Tuesday, June 15, 2010

Last Acts

The resurgence of Betty White's career is satisfying to witness. But the truth is she never stopped working or faded away. She's been a continuous presence on television since its inception, making her debut in 1949, and on radio long before that. You can watch her as a young woman in her own series Life With Elizabeth beginning in 1952, frozen forever at age 30 in the cinched dresses of the period, then chart her progress through the decade to a surprising appearance as a U.S. Senator in 1962's Advise & Consent, with a pit stop on Password, where she married the host. Then come the iconic comedic characters, the man-hungry Happy Homemaker Sue Ann Nivens, followed by her polar opposite, the dizzy simpleton Rose Nylund. and when she's not on TV, she's making films.
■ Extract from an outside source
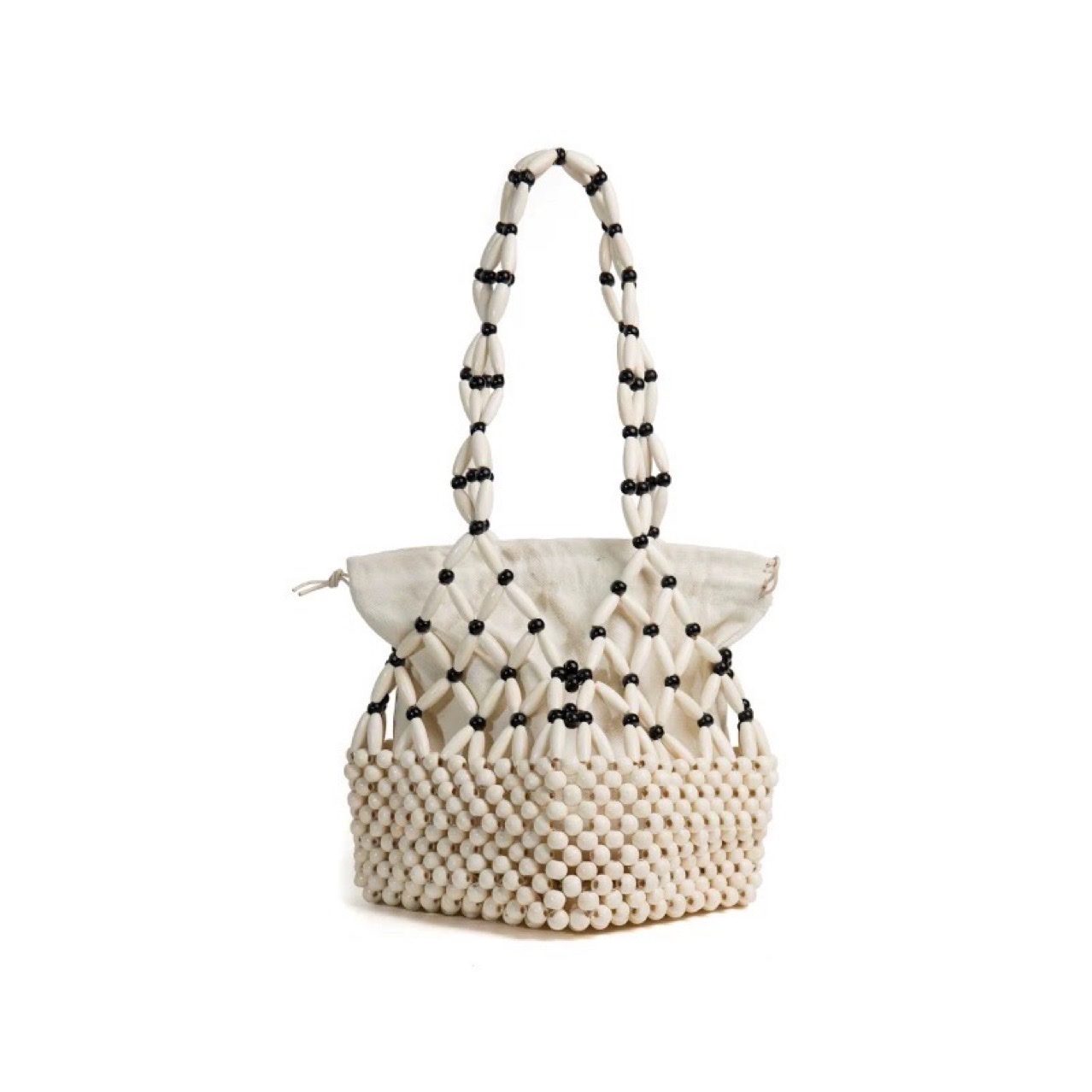European and American solid-color handbags, cross-border hand-woven bags, new hollowed-out beaded bags, seaside vacation wooden beaded bags for women Specification image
I still remember watching her feed cows to the giant alligator in Lake Placid when I saw it in the theatre (don't ask) and how the audience gasped when she called the sheriff "Fuck Meat." It's around that time that her crusty, self-deprecating humor really blossomed and bloomed, but she's continued to test her mettle in television series like Ally McBeal and Boston Legal, right up to her recent Facebook-fueled Saturday Night Live guest host gig. And tomorrow she launches yet another series, with the let's-hope-it's-better-than-it-looks TV Land Network premier of Hot In Cleveland.
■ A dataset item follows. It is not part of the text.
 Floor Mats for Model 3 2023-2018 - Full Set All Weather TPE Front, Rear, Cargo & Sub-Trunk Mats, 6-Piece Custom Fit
With so much exposure, I hope that she doesn't degrade her brand -- because face it, Betty White's career right now is at a defining apex that it took 70 years to reach -- the way another enjoyable actress did about 25 years ago. After a long and distinguished career as a character actress on stage and film, and even as a screenwriter, Ruth Gordon came into her own in a similar way, already well into her 60s. Riding the success of Rosemary's BabyHarold & Maude and a few other notable screen credits, she became a hot commodity. Soon everywhere you looked she was twinkling and mugging her dried apple doll pixie face across the screen, playing everything from Carlton the Doorman's mother on Rhoda to making weakly-conceived guest appearances on Newhart, Taxi, and The Love Boat. Her characters were always eccentric and manic but ultimately wise from their years of hardscrabble living; there was always a message to impart before she left you too soon, much the way her most memorable character did when she took the poison tablets, on Maude's 80th birthday.  


Betty White is nearly 89, but I hope she has many more years of triumph and success. Unlike Ms. Gordon and some others, hers might be an image so familiar and edgy and likable that it's impervious to the tarnish of overexposure. We'll see.